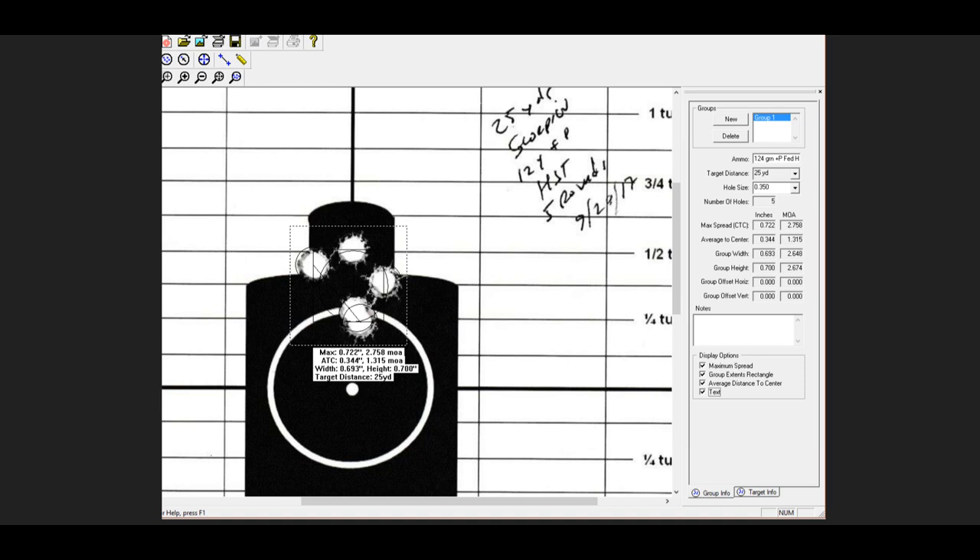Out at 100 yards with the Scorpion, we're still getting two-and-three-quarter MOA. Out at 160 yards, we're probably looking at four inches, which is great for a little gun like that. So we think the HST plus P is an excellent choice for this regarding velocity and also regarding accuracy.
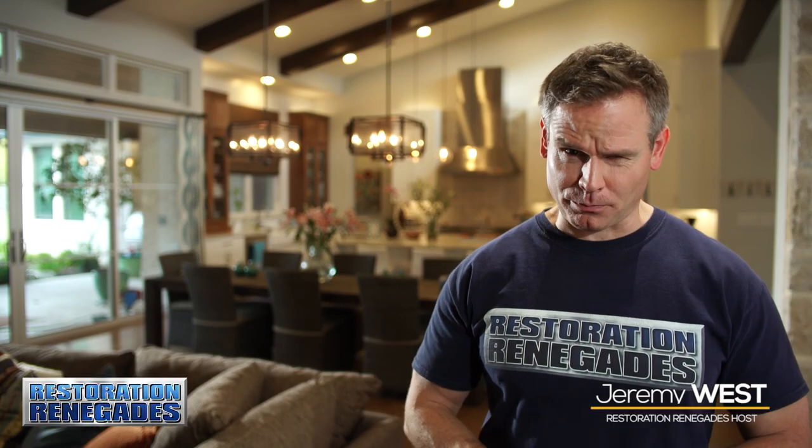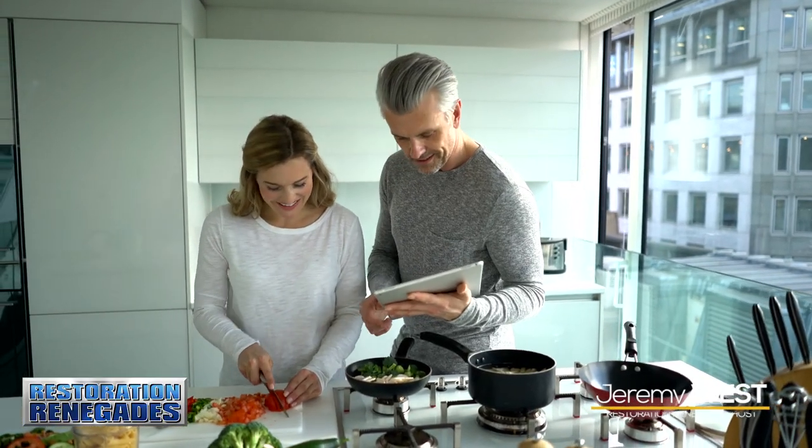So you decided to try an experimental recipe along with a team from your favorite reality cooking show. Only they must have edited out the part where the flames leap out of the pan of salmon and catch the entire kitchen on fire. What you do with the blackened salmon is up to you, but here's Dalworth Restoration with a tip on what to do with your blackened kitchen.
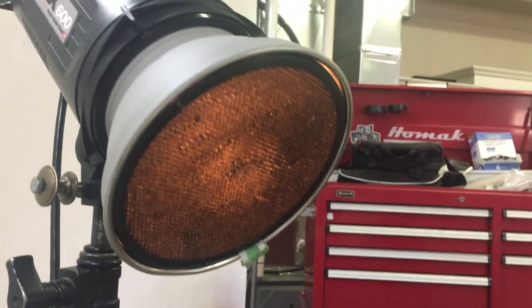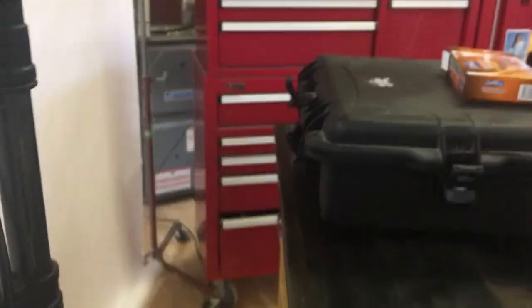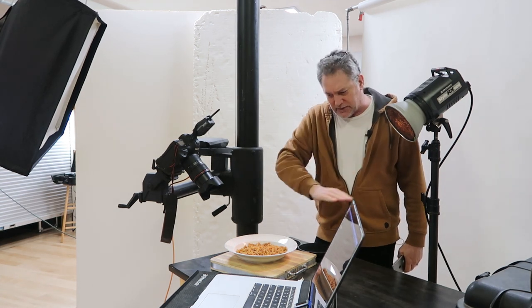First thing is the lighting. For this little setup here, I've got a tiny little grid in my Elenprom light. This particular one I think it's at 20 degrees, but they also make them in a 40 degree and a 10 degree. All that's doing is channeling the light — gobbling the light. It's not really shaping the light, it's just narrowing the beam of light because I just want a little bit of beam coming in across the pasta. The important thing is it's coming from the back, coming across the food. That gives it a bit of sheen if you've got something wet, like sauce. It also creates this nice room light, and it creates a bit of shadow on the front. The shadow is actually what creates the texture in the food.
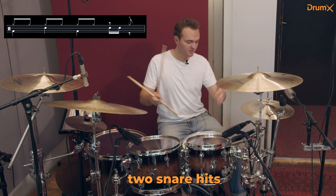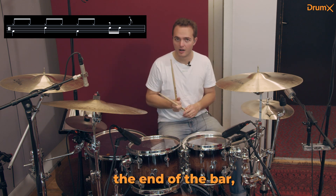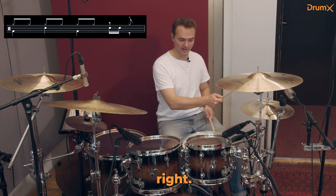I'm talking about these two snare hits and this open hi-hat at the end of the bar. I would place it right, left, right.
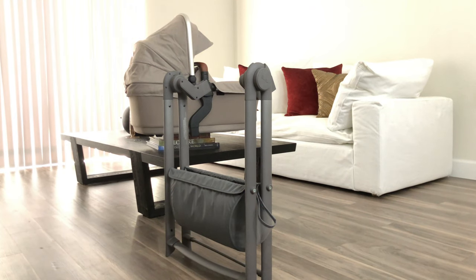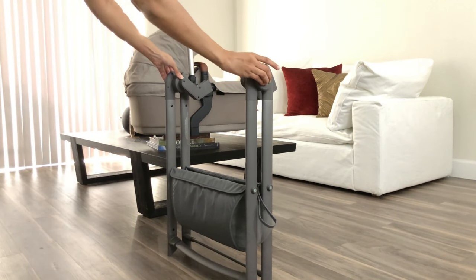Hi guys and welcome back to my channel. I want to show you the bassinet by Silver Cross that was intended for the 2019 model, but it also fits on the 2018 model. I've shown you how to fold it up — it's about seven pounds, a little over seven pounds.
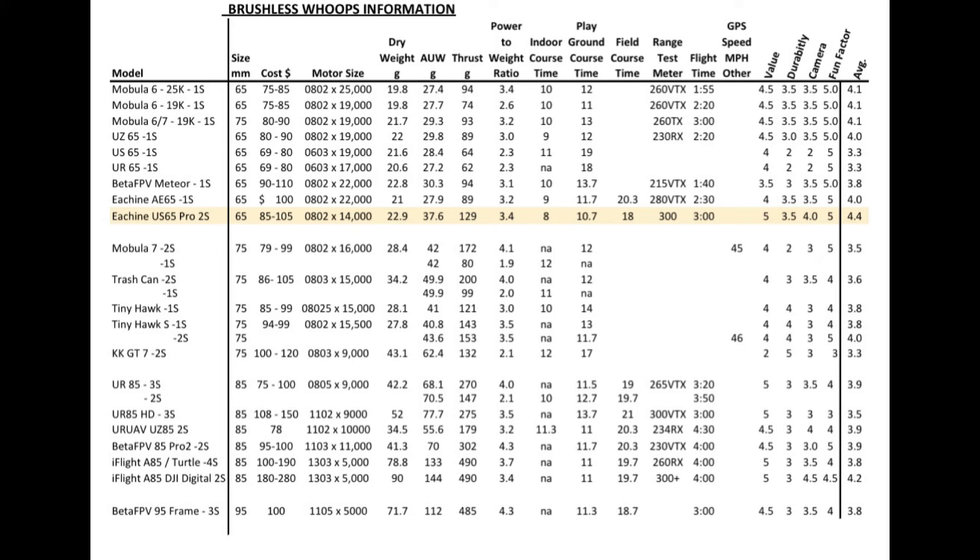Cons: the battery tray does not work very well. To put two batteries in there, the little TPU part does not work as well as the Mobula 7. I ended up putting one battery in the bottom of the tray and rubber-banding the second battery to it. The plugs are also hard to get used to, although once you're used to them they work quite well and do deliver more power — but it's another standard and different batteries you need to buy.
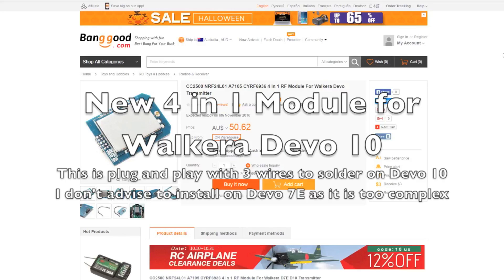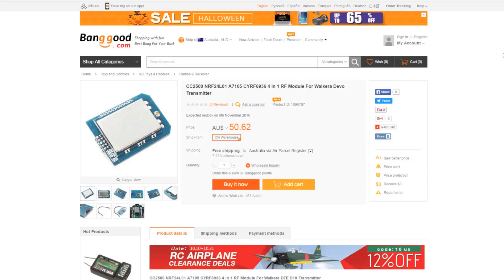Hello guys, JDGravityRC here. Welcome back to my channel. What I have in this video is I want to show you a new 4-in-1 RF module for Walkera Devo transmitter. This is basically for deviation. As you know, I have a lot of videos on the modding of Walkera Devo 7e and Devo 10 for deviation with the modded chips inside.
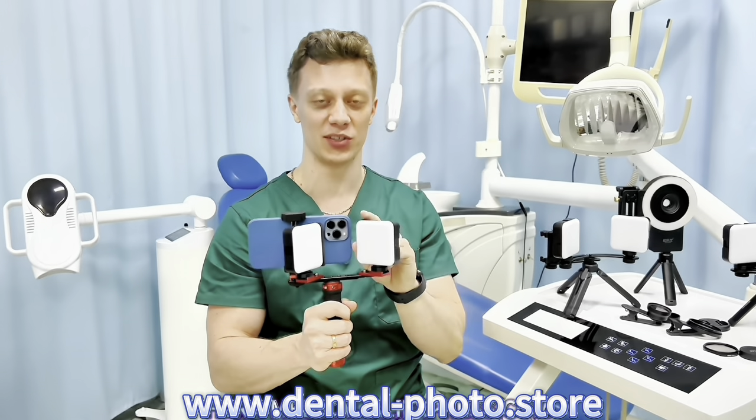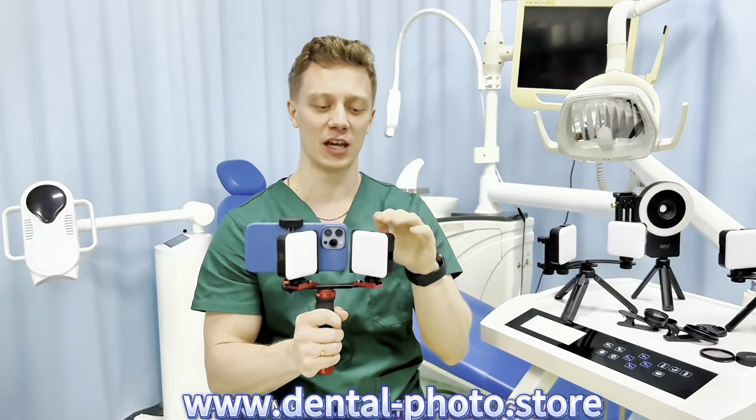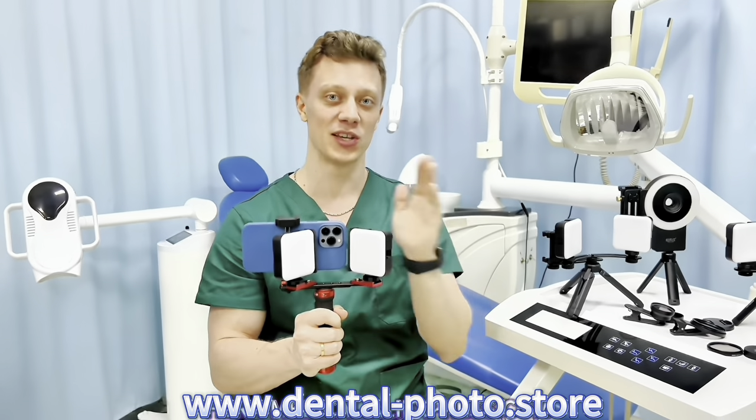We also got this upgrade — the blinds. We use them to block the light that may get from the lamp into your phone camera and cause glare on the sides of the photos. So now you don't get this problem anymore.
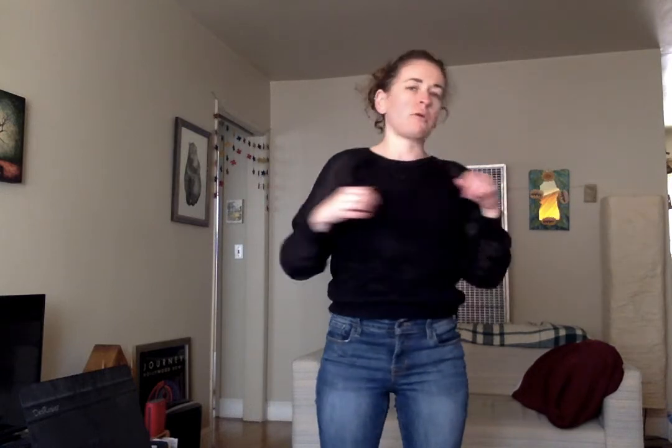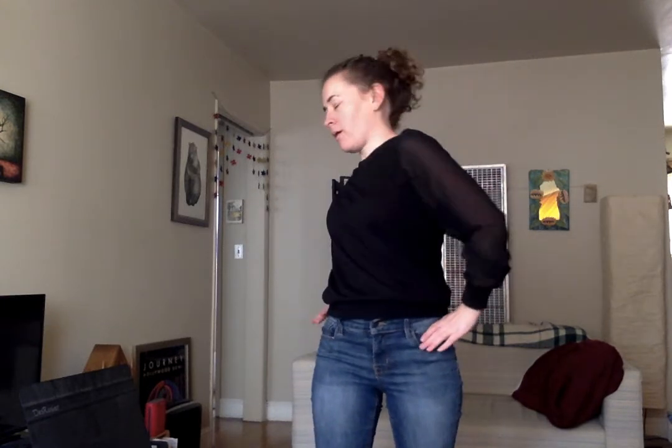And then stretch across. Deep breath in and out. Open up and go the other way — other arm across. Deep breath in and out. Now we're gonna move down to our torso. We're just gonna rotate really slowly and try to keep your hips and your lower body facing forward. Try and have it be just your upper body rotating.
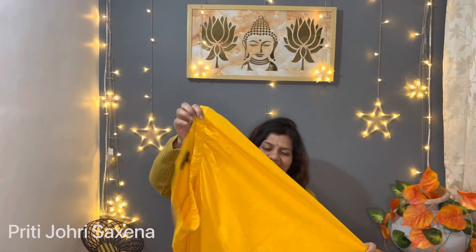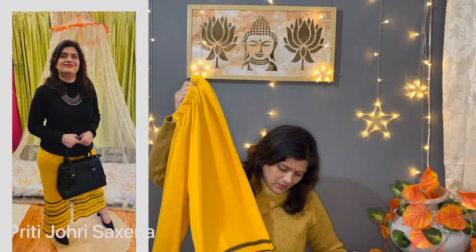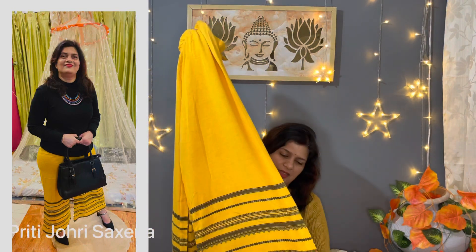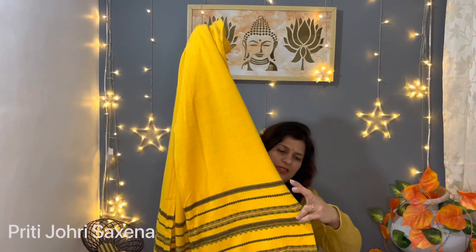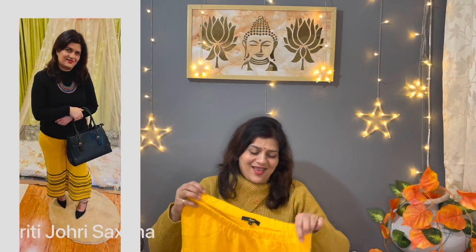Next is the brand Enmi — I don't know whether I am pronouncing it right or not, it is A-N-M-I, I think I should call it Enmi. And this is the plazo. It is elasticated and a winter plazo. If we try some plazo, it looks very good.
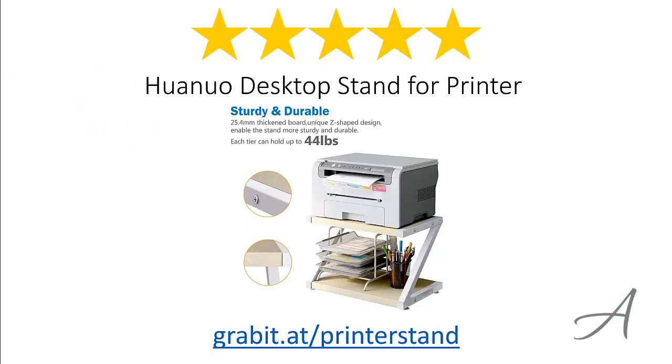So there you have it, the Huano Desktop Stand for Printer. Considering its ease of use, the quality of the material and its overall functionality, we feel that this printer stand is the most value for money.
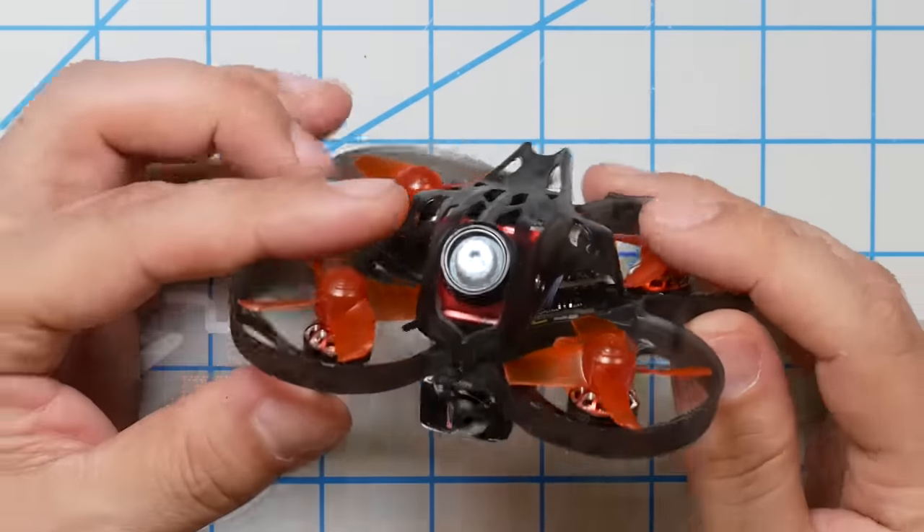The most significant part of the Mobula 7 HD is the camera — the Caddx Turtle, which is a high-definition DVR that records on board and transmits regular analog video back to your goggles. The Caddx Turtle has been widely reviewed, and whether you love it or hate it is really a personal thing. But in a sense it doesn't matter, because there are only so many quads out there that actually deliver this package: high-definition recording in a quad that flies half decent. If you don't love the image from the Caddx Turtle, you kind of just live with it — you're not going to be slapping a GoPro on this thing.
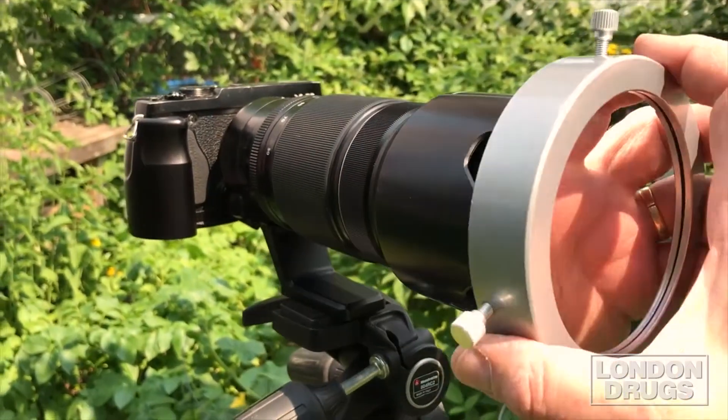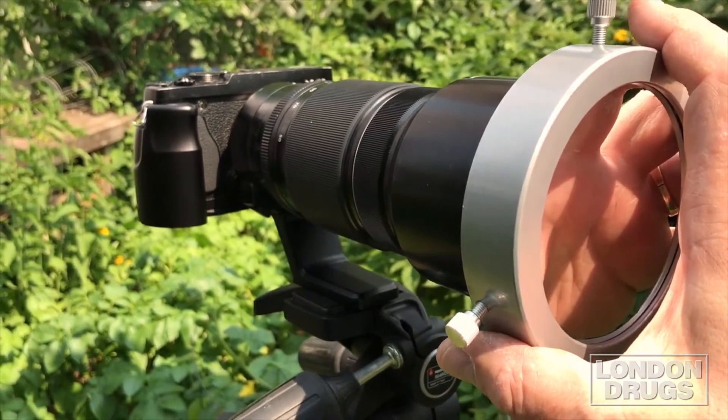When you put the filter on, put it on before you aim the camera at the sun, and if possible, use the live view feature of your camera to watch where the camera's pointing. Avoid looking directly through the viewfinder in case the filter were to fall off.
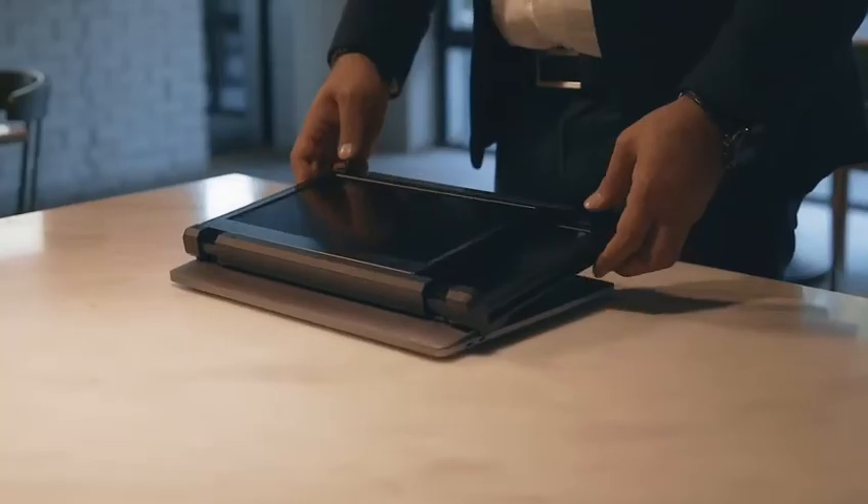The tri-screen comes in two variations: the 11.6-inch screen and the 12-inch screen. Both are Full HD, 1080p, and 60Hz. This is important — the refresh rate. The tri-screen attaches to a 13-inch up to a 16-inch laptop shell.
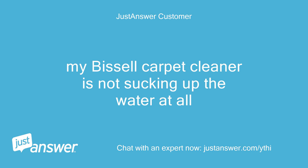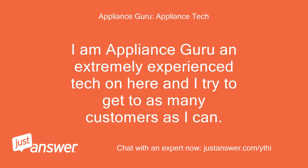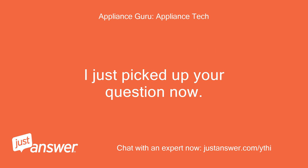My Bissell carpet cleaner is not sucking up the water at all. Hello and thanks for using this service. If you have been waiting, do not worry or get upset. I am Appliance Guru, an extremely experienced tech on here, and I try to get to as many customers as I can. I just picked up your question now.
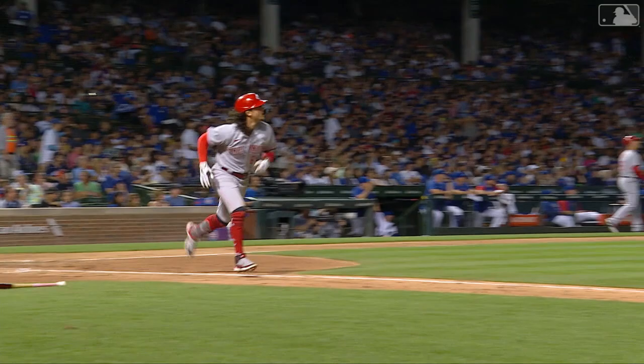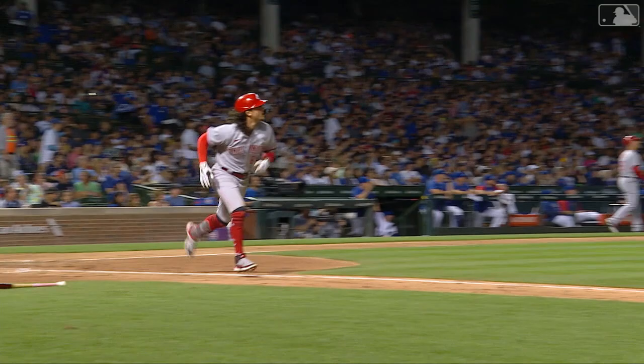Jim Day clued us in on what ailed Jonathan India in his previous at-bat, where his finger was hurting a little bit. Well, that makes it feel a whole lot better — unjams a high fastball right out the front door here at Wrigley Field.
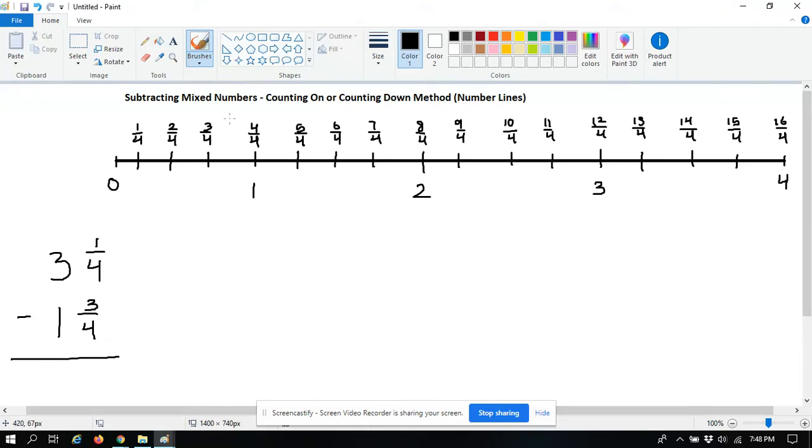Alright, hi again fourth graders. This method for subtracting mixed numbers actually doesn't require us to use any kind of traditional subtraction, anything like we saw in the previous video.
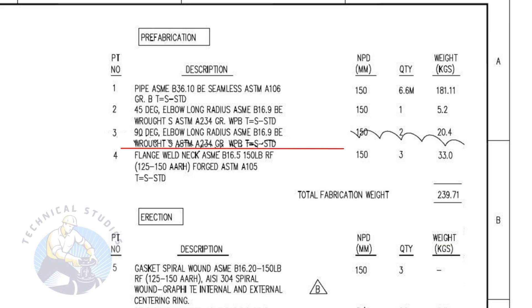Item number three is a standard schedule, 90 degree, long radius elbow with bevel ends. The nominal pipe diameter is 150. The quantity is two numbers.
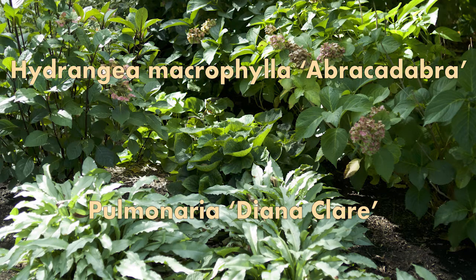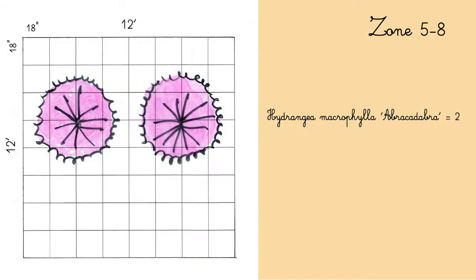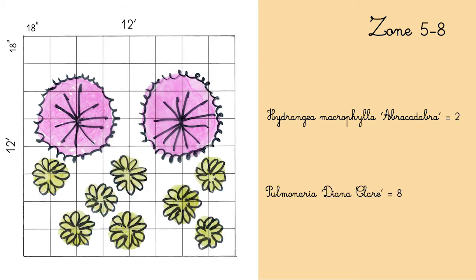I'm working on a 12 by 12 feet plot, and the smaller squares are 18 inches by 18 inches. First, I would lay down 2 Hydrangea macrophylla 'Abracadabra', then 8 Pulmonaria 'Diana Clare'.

# EXERCISE DIRECTIONS
Return only the part above that opens with the line containing "Next is the" and closes with the line containing "The most significant", exactly and with both ends, skipping the pictures.

# RESPONSE TO THIS EXERCISE
Next is the brand Enmi — I don't know whether I am pronouncing it right or not, it is A-N-M-I, I think I should call it Enmi. And this is the plazo. It is elasticated and a winter plazo. If we try some plazo, it looks very good.
So there you have it, the Huano Desktop Stand for Printer. Considering its ease of use, the quality of the material and its overall functionality, we feel that this printer stand is the most value for money.
The most significant part of the Mobula 7 HD is the camera — the Caddx Turtle, which is a high-definition DVR that records on board and transmits regular analog video back to your goggles. The Caddx Turtle has been widely reviewed, and whether you love it or hate it is really a personal thing. But in a sense it doesn't matter, because there are only so many quads out there that actually deliver this package: high-definition recording in a quad that flies half decent. If you don't love the image from the Caddx Turtle, you kind of just live with it — you're not going to be slapping a GoPro on this thing.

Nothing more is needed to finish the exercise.